On June 20, 2011, ICANN (Internet Corporation for Assigned Names and Numbers), the international body that regulates domain names, approved the implementation of a procedure for the adoption of new generic top level domain names (gTLD).  Generic top level domain names are the letters to the right of the dot in a domain name, such as .com, .net, and .org.  Prior to this action, there were 22 generic top level domain names, but now there could be potentially thousands of new gTLDs.  According to ICANN, “Internet address names will be able to end with almost any word in any language, offering organizations around the world the opportunity to market their brand, products, community or cause in new and innovative ways.”

New gTLDs will be assigned based on a complex and expensive application procedure.  The initial filing fee is $185,000, and there is an annual fee of $25,000.  These are in addition to other application fees in some cases, and other expenses as well.  The application procedure guidebook is approximately 350 pages.  Applications may be filed between January 12, 2012 and April 12, 2012.  There may be additional rounds of applications, but the first will be the most critical, and it is not certain there will be additional rounds.  According to http://dot-nxt.com/applicants, there are currently already over 120 applications that will be filed during the application period, and some of the anticipated names are .mls, .music, .hotel, .canon, .hitachi, and .vegas.

One of the important objectives of ICANN in adopting the new gTLD was to avoid cybersquatting, and other trademark and intellectual property infringement.  In the early days of the Internet and the use of domain names, cybersquatting became a significant problem, and finding remedies was a challenge.  In response, Congress passed the Anticybersquatting Consumer Protection Act, and ICANN adopted the Uniform Dispute Resolution Procedure.  Under the new procedure, the application fee alone will be a significant deterrent, but there are other procedures and protections built in as well.  Not only will the application process attempt, through an evaluation procedure, to identify any potential infringement and misuse, but there will be procedures for third parties to protect their own intellectual property and other rights.  The policy includes a trademark clearinghouse and sunrise procedure, as well as dispute resolution procedures.  However, there is no crystal ball to identify what problems will arise, and how successful these procedures will be in protecting rights and avoiding problems.

The adoption of this new policy and the implementation of new gTLD could be revolutionary.  Consumers will no longer be left to finding products and services using potentially confusing second level domain names and domain names.  For example, a search for a Nissan automobile at nissan.com will be disappointing.  Computer products and messages about Nissan Motor’s litigation against Nissan Computer are available at Nissan.com, but Nissan automobiles will only be found at nissanusa.com.  Nissan Motors may be highly motivated to apply for the new gTLD .nissan to avoid the problem going forward.  Brand owners will have a unique opportunity to secure a strong position on the Internet, and will no longer need to compete with others for domain names within the .com gTLD.  Communities of people and organizations may have a unique and strong presence online, such as organizations supporting a .eco gTLD.
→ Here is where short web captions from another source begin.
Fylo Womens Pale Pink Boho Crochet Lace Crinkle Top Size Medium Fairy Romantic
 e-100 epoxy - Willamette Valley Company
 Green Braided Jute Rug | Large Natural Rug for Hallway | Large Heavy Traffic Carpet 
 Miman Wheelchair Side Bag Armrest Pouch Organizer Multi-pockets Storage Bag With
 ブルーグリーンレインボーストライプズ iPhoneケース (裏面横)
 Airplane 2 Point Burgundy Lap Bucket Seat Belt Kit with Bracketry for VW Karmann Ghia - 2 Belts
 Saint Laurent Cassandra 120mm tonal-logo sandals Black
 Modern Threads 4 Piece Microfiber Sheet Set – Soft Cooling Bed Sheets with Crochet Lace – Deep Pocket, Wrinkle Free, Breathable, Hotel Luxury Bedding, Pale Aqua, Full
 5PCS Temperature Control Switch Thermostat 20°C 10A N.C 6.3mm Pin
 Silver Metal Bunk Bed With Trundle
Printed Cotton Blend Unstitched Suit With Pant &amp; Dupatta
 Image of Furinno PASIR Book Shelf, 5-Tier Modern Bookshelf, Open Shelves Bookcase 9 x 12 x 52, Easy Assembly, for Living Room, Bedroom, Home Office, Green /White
There are at least two significant implications for brand owners and others doing business in an online world.  Businesses need to seriously consider either banding together with others to develop a community or generic domain name, such as financial institutions adopting the gTLD .bank, or consider adopting a brand gTLD, such as .canon or .deloite.  However, applying for and adopting a new gTLD will not be for everyone.  In addition, brand owners will need to be vigilant in making sure that others do not trample on their rights when adopting new gTLD, and take appropriate action.  Some appropriate actions are to monitor applications filed, submit comments to ICANN on applicable applications, including as part of a community, file objections and lawsuits, if necessary, and participate in other procedures, including trademark clearinghouse and sunrise procedures.  This significant development is also a good opportunity to review current online brand strategies to see if any changes or modifications are appropriate.

Significant changes in the world of the Internet, in addition to bringing positive changes, also usually yield unintended consequences.  Unintended consequences are likely with the venture as well.  But, the potential for brand and community awareness is huge.  Brand owners and community participants will need to be vigilant and aware of developments and the implications for them as this policy and application process unfold, and new gTLDs launch in cyberspace.